Marshall Pease, Robert Shostak & Leslie Lamport
What does this mean?
Taking a look at the diagram, we can see that traitors can prevent a group from arriving at consensus. Whilst in the Byzantine army, this could be a commander relaying false information, or a rogue lieutenant not passing on messages correctly, within distributed ledger technology this would be a malicious player seeking to process fraudulent transactions.
Send in Satoshi!
Our diagram is a simplistic one, so as you can imagine as a network grows and new users and connections develop, complexity increases exponentially and reaching consensus is far more difficult. This therefore explains why before Bitcoin, decentralised ledgers were not feasible.
The pseudonym Satoshi Nakamoto penned the famous Bitcoin whitepaper on 31st October 2008. It contained arguably the best solution to the BGP developed so far, and now enjoys the broadest adoption.
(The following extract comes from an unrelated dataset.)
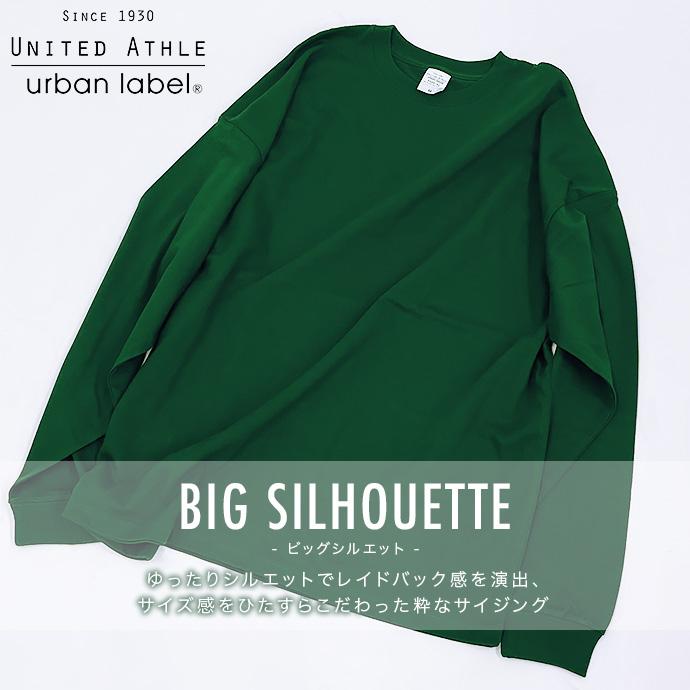 ロンT 長袖 Tシャツ カットソー トップス United Athle ユナイテッド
So how does Bitcoin actually solve this?
The BGP manifests itself within the issue of blockchain synchronisation. How does everyone’s ledger remain in sync and reach consensus in a distributed way? When a transaction is sent across the network, it is broadcast to all users. It is unconfirmed initially however due to the BGP. Users don’t know if a dishonest player has attempted to double spend the same Bitcoin for example, therefore which transaction do they accept? Bitcoin resolves the BGP and is able to confirm transactions through mining.
Mining solves the BGP by ensuring that transactions can only be confirmed if enough computational power was used to solve the block that contained them. This process can be generalised in 3 steps:
Compile Input Data — Miners collate a new block of broadcasted transactions and verify they are valid. The hash of the last blockchain block is added to this along with a random number (called a “nonce”).
Perform a cryptographic calculation (SHA-256 in Bitcoin’s case) to the data from step 1, producing an output hash (a series of characters).
This hash is checked against a desired pattern. If it matches this pattern, the “puzzle” is solved and that miner wins the prize for that block (currently 12.5 BTC, plus the transaction fees from the block). If not, another nonce is tried and the steps are repeated (until someone successfully mines that block and therefore solves the “proof-of-work” problem). The mining difficulty of solving this puzzle is automatically adjusted according to the overall computing power on the network. This way the amount of time it takes to solve a block remains at 10 minutes on average.
The winning block is then verified by nodes and broadcast to the network. In this way it acts like a lottery for who gets to enter the next transactions in the chain, preventing one party from controlling the ledger.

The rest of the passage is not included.